» **Assignment**: Once the pictures are set aside, repeat all of the data below exactly.
··· Records for the task
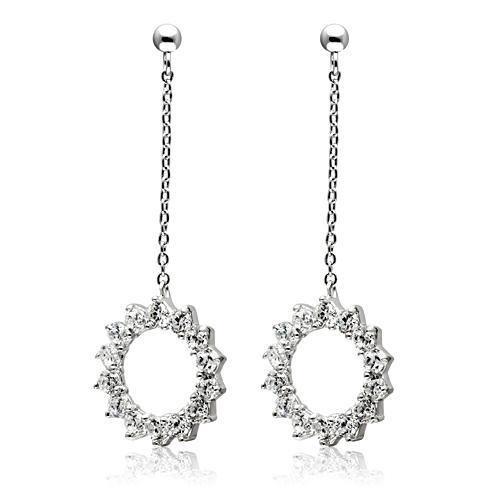3W081 - Rhodium Brass Earrings with AAA Grade CZ  in Clear-1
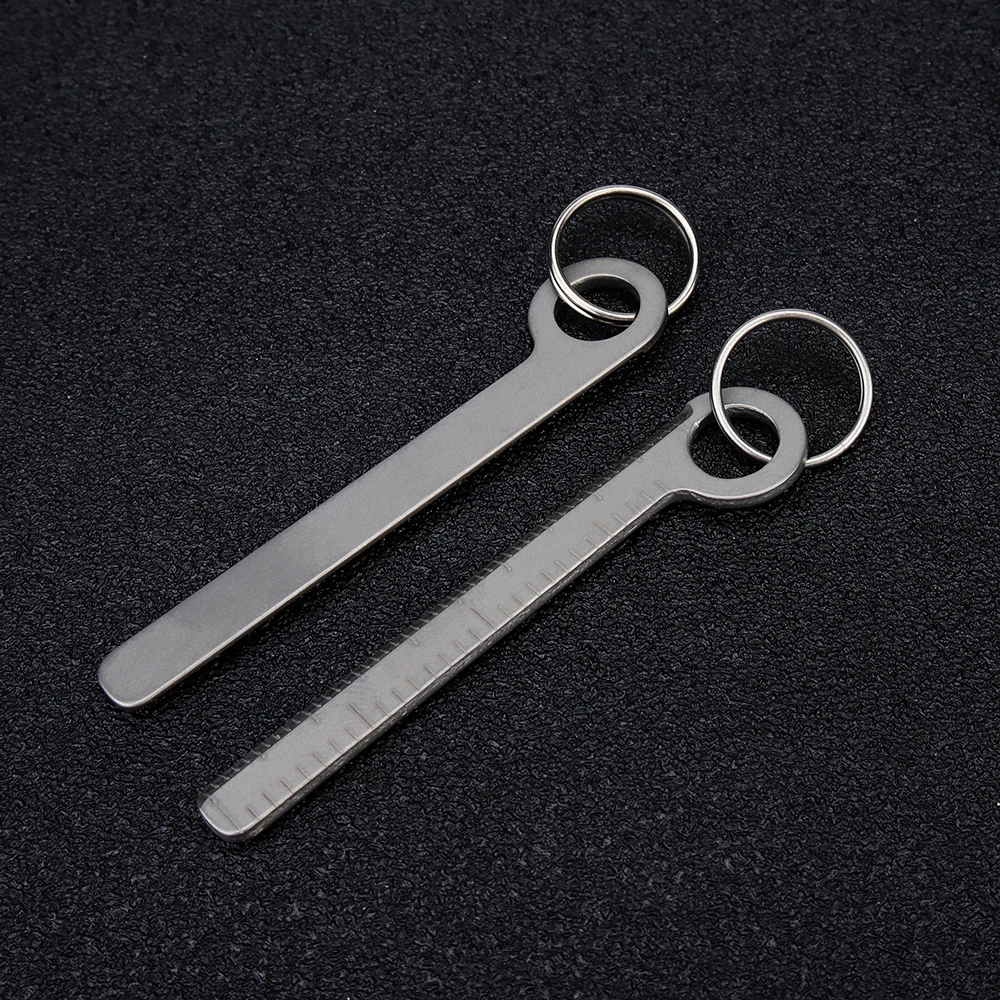 Titanium Alloy Ruler Key chain, Portable Mini Ruler, EDC Tool, Small  Measuring ruler, cm/INCH, Free titanium ring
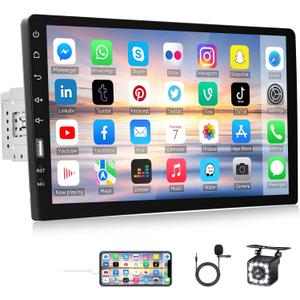 Single Din Car Stereo with Bluetooth 9 Inch HD Touch Screen Car Stereo with Backup Camera + External Microphone + FM MP5 Player Car Audio Receivers Support Mirror Link SWC USB EQ Car Radio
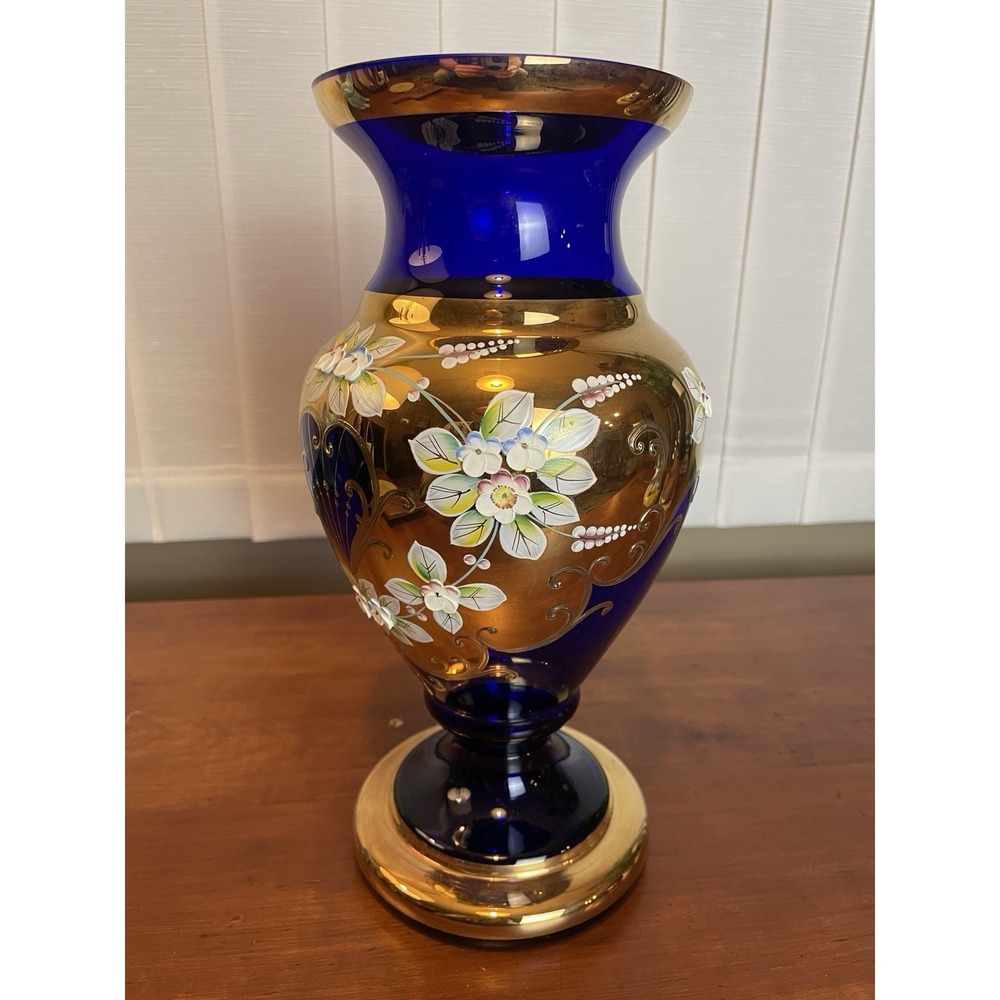 Bohemian Czech Cobalt Blue Crystal  Vase 24k Gold Enamel flowers NovoBorske Sklo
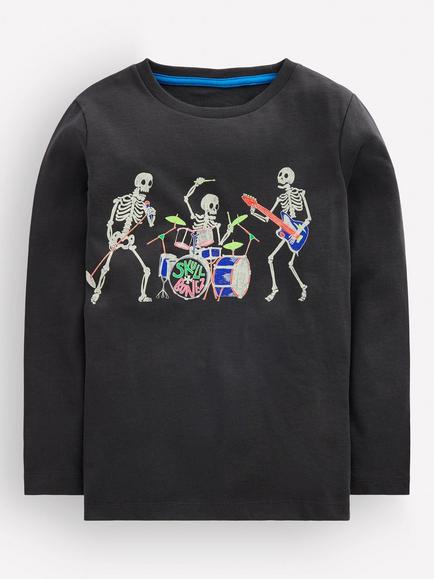 Mini Boden Kids' Skeleton Glow-in-the-Dark Long Sleeve T-Shirt, Grey/Multi, Grey/Multi
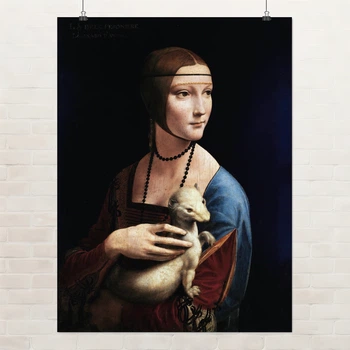 Постер Дама с горностаем, Леонардо да Винчи, Leonardo da Vinci, Lady with an Ermine, A3 40×30 см (id6951)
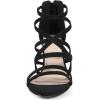 imageAllegra K Womens Gladiator Heels Strappy Back Zip Chunky Heel SandalsBlack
······
» **Written answer**:
3W081 - Rhodium Brass Earrings with AAA Grade CZ  in Clear-1
 Titanium Alloy Ruler Key chain, Portable Mini Ruler, EDC Tool, Small  Measuring ruler, cm/INCH, Free titanium ring
 Single Din Car Stereo with Bluetooth 9 Inch HD Touch Screen Car Stereo with Backup Camera + External Microphone + FM MP5 Player Car Audio Receivers Support Mirror Link SWC USB EQ Car Radio
 Bohemian Czech Cobalt Blue Crystal  Vase 24k Gold Enamel flowers NovoBorske Sklo
 Mini Boden Kids' Skeleton Glow-in-the-Dark Long Sleeve T-Shirt, Grey/Multi, Grey/Multi
 Постер Дама с горностаем, Леонардо да Винчи, Leonardo da Vinci, Lady with an Ermine, A3 40×30 см (id6951)
 imageAllegra K Womens Gladiator Heels Strappy Back Zip Chunky Heel SandalsBlack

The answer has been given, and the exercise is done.